Talvolta, quando meno te lo aspetti, un profumo, un colore rosso, una voce, una scritta e ti crolla addosso qualcosa.
Improvviso.
Non tanto come un macigno, quanto forse un pannello di polistirolo, ti crolla addosso improvviso nel silenzio, lo senti, ti senti attraversarlo, nessun dolore, nessun calore.
E ti ritrovi nel passato, o in un altro luogo, ti trovi disperso in pensieri che credevi allontanati, andati.
Destabilizzazione.
Destabilizzazione.
Destabilizzazione.
“Penso ai fatti che….
ci legavano nel tempo
penso ai fatti che…
(legavano noi due)”
Pensare a momenti stupendi, pensare a momenti al contrario di sofferenza
“Oscuravano anche il sole che mi brucia dentro l’anima
oscuravano anche Dio, il mondo, l’universo”
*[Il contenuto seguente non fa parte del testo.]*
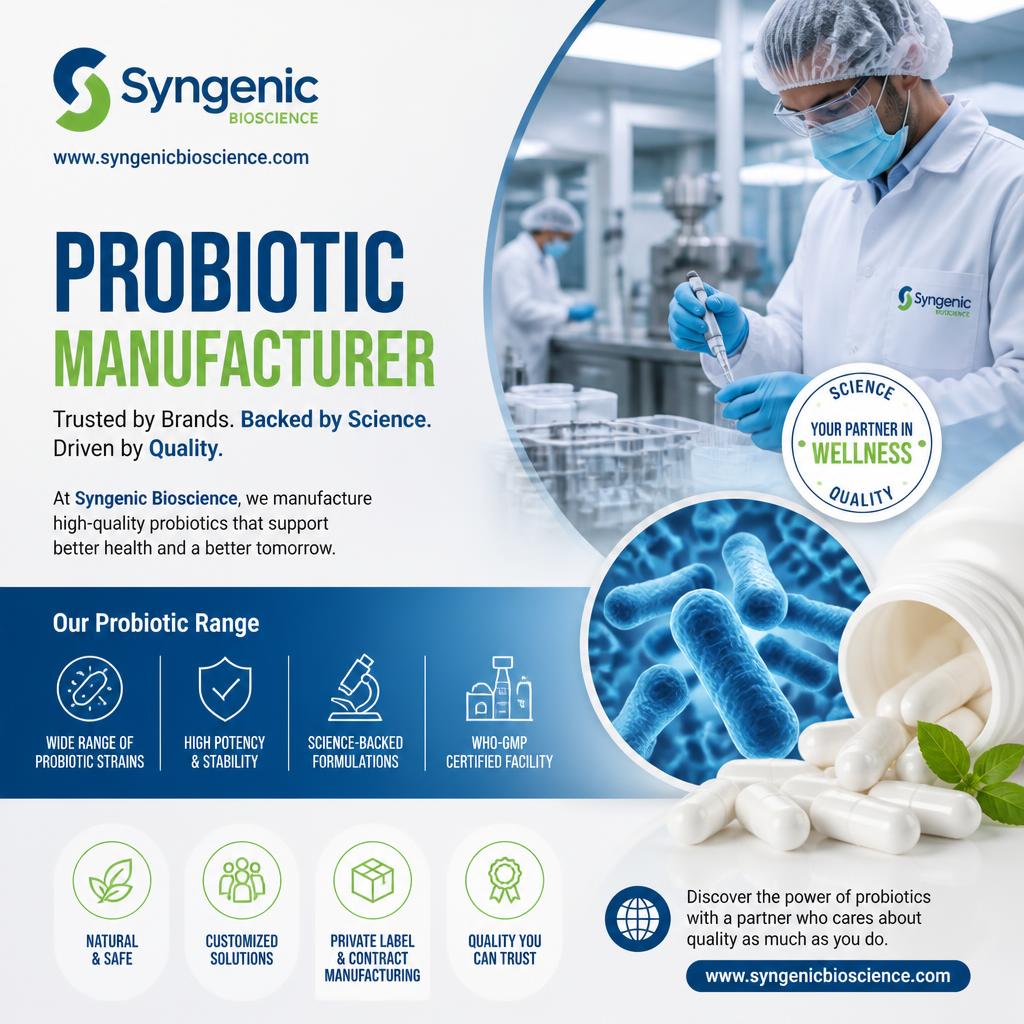 probiotic manufacturer.jpg probiotic manufacturer.jpg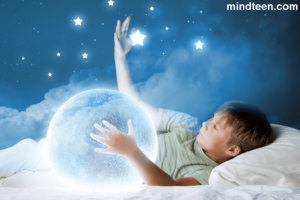 تمرين ماذا لو - جذب الاهداف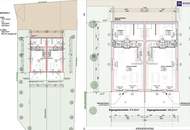 Traumhaftes Baugrundstück in 8062 Rabnitz – sonnige Lage mit herrlichem Ausblick!
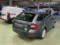 preview Skoda Octavia #3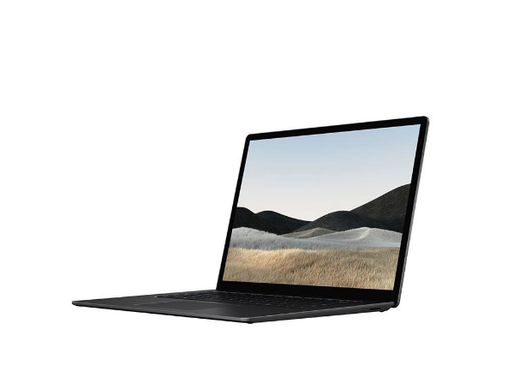 Microsoft Surface Laptop 4 15 AMD Ryzen 7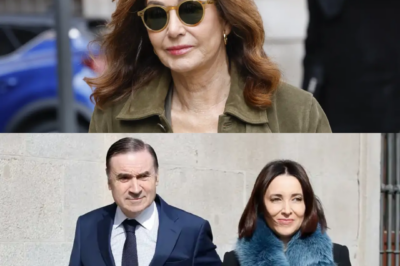 Madrid se detuvo por Raúl del Pozo. Un abrazo dura un segundo; una mirada acusa años. Entre coronas y flashes, alguien calla demasiado. ¿Despedida… o ajuste de cuentas silencioso?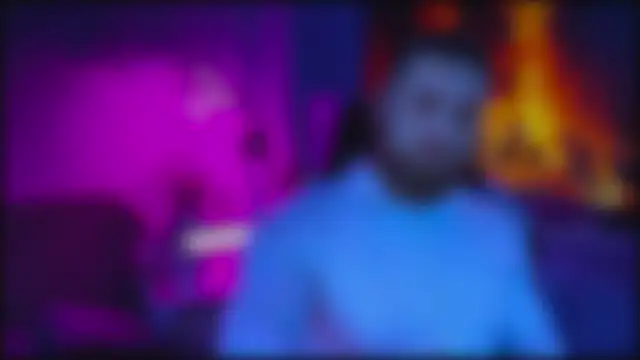 Snapshot of Sweeet__boy chatting on February 2026 07:51:01 AM Sweeet boy online show from February 2026 07:51:01 AM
Penso alle parole che sto scrivendo per “eri qui” e mi accorgo come tutto questo stia prendendo profondamente parte della mia anima inespressa, come l’urlare quel testo sia in qualche modo urlare al mondo ciò che sono, ero, eravamo, siamo, è.
Un po’ un nuovo mondo che si apre da affrontare, un po’ una giustificazione del mio allontanarmi da ciò che chiamate poesia ed in realtà il continuare a far ciò che facevo e che non è tale, ma solo a farlo in un modo vagamente diverso.
Ma in realtà “penso a quegli istanti forti lievi quegli istanti che (brevi e immobili)” oscuravano il mio volto, il mio universo, non erano più me ma noi. Ma ora, ora “ecco qui i giorni più veri, senza più maschere e vetri mentre la mia anima guarda il destino che ride davanti a noi“.